Following the latest series of mass shootings in the US, the Secret Service on Wednesday released a 60-page report detailing trends in mass attacks in public spaces to share patterns with community leaders that could help prevent the next tragedy.
Among the findings: Although a personal grievance of some kind was the most common motive, a quarter of attackers studied between 2016 and 2020 were motivated by conspiracy theories or hateful ideologies.
The agency, known for protecting presidents, has established a National Threat Assessment Center to monitor trends in violence that could threaten the people it protects, as well as the public.
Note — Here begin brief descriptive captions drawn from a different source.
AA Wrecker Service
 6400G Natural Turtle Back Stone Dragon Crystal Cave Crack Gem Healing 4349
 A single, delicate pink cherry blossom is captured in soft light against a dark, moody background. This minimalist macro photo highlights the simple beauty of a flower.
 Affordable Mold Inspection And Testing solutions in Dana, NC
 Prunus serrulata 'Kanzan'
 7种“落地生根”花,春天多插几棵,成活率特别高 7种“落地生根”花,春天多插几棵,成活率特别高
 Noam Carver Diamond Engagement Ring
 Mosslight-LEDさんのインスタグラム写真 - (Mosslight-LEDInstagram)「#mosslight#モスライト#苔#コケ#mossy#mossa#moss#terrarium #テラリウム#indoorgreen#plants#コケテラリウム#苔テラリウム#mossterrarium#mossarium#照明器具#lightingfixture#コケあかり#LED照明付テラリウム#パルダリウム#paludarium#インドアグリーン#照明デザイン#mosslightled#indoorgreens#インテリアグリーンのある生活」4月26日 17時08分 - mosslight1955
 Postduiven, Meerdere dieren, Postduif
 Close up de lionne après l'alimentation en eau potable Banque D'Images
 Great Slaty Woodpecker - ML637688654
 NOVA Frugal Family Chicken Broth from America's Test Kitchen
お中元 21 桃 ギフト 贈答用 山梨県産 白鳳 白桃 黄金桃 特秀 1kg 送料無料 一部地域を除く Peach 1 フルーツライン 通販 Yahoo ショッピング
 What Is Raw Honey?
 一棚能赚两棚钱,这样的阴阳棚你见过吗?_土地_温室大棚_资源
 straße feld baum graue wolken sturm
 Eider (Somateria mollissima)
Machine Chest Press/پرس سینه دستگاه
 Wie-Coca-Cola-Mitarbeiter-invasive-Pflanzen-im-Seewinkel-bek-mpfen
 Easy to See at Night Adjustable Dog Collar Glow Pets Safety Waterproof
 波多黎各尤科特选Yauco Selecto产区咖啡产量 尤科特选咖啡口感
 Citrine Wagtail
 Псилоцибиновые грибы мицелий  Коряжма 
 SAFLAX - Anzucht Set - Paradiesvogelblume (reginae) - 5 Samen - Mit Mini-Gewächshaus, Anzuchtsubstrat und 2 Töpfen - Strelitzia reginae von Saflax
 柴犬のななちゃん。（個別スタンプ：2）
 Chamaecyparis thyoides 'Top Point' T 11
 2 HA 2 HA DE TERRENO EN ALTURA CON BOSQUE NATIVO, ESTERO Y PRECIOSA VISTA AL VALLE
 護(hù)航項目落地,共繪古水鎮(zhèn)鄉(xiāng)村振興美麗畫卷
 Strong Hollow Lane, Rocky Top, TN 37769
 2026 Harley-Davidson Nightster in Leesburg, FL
The report details 173 attacks that injured three or more people in public spaces, including churches and schools, between 2016 and 2020. Lina Alathari, head of the Secret Service’s National Center for Threat Assessment, said the trends could help leaders community members to know what red flags to look for before someone carries out the next massive attack.
The hateful ideologies that motivated the attackers included anti-government, anti-Semitic, or misogynistic views. The authors also found that nearly a third of all attackers had evidence of planning their attacks.
The typical attacker was a 34-year-old man motivated by personal grievances, rather than ideology, the report says.
Alathari said the complaints could be «perceived wrongs, most often related to personal problems, perhaps health or financial issues, workplace problems, as well as problems with family and romantic partners.»
«We really have to look at how we can resolve these interpersonal complaints … to make sure they don’t escalate,» Alathari told NBC News.
More than three-quarters of all attacks involved firearms, and more than 80% of attacks that used weapons resulted in at least one death, the report found. Most of the attackers used pistols, but a third used «long weapons,» a category that includes automatic and semi-automatic weapons. Attackers using weapons other than handguns fatally injured victims in less than 50% of attacks.
In more than a quarter of all mass shootings, the attackers illegally possessed firearms.
Asked if the trends necessitated gun reform, Alathari said: «Our research informs policy, and we really hope communities take preventative steps to make sure they are mitigating any potential risk of a tragedy like this happening again. to occure».